Mirabeau, comme au premier jour. Sélectionné par la mission du Patrimoine parmi les 100 sites en péril, la ville de Fabrègues (Hérault) et les acteurs de ce lieu hors du temps ne cachent pas leur joie de le voir retrouver sa vivacité d'antan.
Il était grand temps de lui redonner un peu de vigueur. Perdu dans la pinède du pied de la Gardiole, au bout d'un petit sentier escarpé, le Mas de Mirabeau, dans l'Hérault, se distingue à peine dans le paysage tant ses pierres se confondent avec la couleur de la terre. Pourtant il est imposant cet ancien mas agricole. Et l'histoire que renferme ses murs anciens l'est tout autant. "On a même retrouvé le journal intime d'un agriculteur d'ici ! Il date de 1917", glisse Thomas Richaud, qui connaît les lieux comme sa poche. Assistant social, il travaille sur place depuis deux ans, et ne cache pas son enthousiasme. "Tout ça redonne du sens à ce lieu. Il est chargé d'histoire", affirme-t-il.
Deux-cent ans d'histoire au total. Un puits de souvenirs des pratiques agricoles d'antan. Pour la fondation du patrimoine, il est "le témoin d'une mutation agricole". "Historiquement, il y avait 350 bêtes qui pâturaient sur le domaine. C'était de la polyculture élevage", explique Thomas Richaud. En d'autres termes, il s'agit d'une exploitation mêlant cultures agricoles et élevages. Et puis, les guerres sont passées par là. La mécanisation dans le même temps, et le mas de Mirabeau s'est spécialisé dans la viticulture. L'exploitation s'effrite peu à peu, les bâtiments avec.
Un mas en ruine
Aujourd'hui, les bâtiments ne payent pas de mine. Des gravats qui s'accumulent, des fissures béantes, des murs qui font peine à voir. "Au deuxième étage, il y a plus de 30 chauves-souris qui sont installées", annonce Thomas Richaud, tout sourire. Sous l'arche qui relie les deux parties du mas, un Algeco. "C'est notre laboratoire", explique Alison Lino, la bergère. Résidente des lieux, elle élève une centaine de chèvres et de brebis. "L'hiver dernier, nous avons eu une remontée d'eau dans leur abri. Elles avaient les pattes dans vingt centimètres d'eau", détaille-t-elle, encore un peu dépitée.
Le soutien de la Fondation du Patrimoine est d'autant plus symbolique que le domaine de Mirabeau part de loin. Il y a quelques années, les habitants de Fabrègues et des villes alentours se mobilisent contre un projet d'enfouissement de déchets sur place.
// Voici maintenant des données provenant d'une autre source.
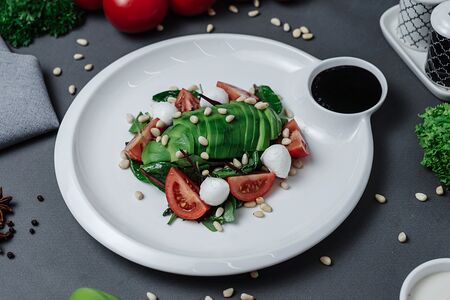 Салат с авокадо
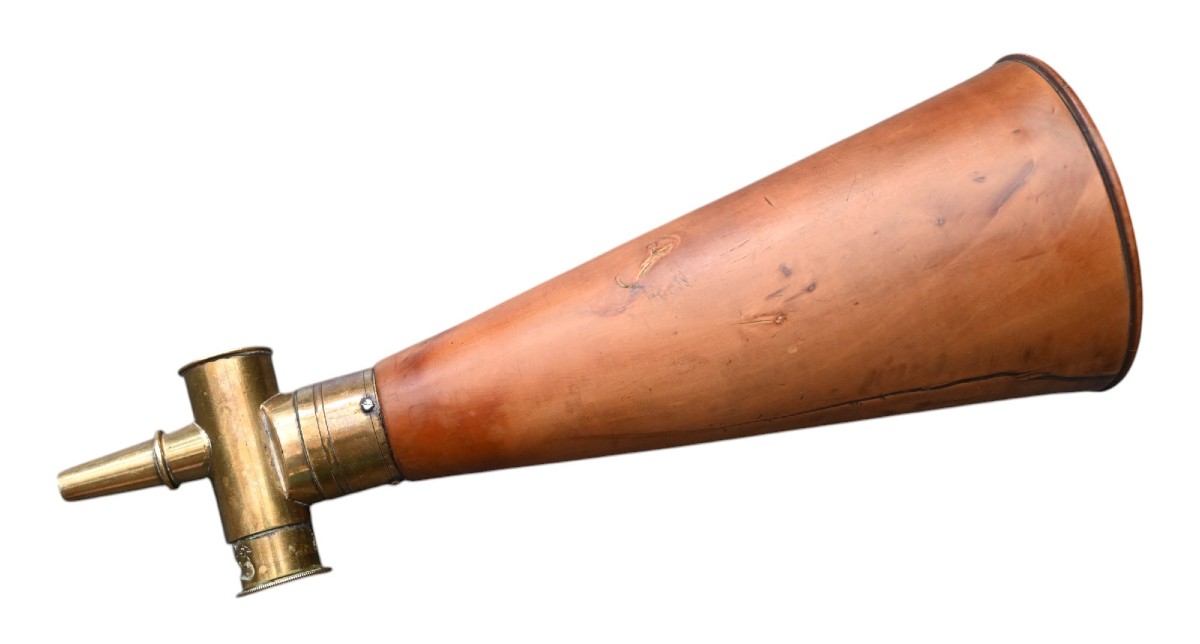 Antique 19th Century Boxwood Powder Horn For Black Powder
Sept ans de bataille et finalement une victoire, le Mas de Mirabeau restera là où il est.
"La population de Fabrègues s'est battue contre cette catastrophe écologique. Pour nous quelque part, ce soutien est un espoir supplémentaire."
Jacques MartinierMaire de Fabrègues
Retrouver son identité
Nécessaire, la rénovation des lieux semble finalement très attendue. En acquérant les lieux, la commune de Fabrègues y voit un potentiel unique. Heureux du soutien de la fondation du patrimoine, Jacques Martinier, maire de Fabrègues, détaille un projet d'envergure. "On va créer un agro-éco pôle", lance-t-il, fier de le voir prendre vie.
Ranimer les lieux, et les tourner vers l'avenir. C'est toute l'ambition des acteurs qui voient dans le Mas de Mirabeau un potentiel unique. Après la rénovation de deux des bâtiments du mas, la bergerie et le bâtiment administratif, soutenus par la fondation du patrimoine, Mirabeau poursuivra sa transformation. Objectif : créer un lieu de partage, de formation et de vie. "Dans quelques années, nous nous tiendrons ici, dans un lieu restauré, plus vivant, où la polyculture va exister de nouveau", détaille Céline Le Bars, directrice générale des services de la ville.
"On va revenir à des pratiques agricoles plus anciennes."
Thomas RichaudAssistant social et maraîcher au Mas de Mirabeau
Les mains posées sur les plans architecturaux des lieux, cette dernière énumère les nouvelles installations qui verront le jour. Boutique paysanne, cour agricole, tiers-lieu, une cour publique pour organiser des évènements festifs, un espace de formation. Le soutien par la fondation du patrimoine doit aussi leur permettre une visibilité nouvelle. "Ca va permettre d'amener des populations ici, et de leur faire découvrir ce qu'il se passe ici. On pourra le reproduire, et l'essaimer un peu partout en France", confie Jacques Martinier.
En attendant le début des travaux prévus à l'automne, les touristes pourront venir voir ce lieu hors du temps, lors des journées du patrimoine les 17 et 18 septembre, avant que Mirabeau ne se refasse une beauté.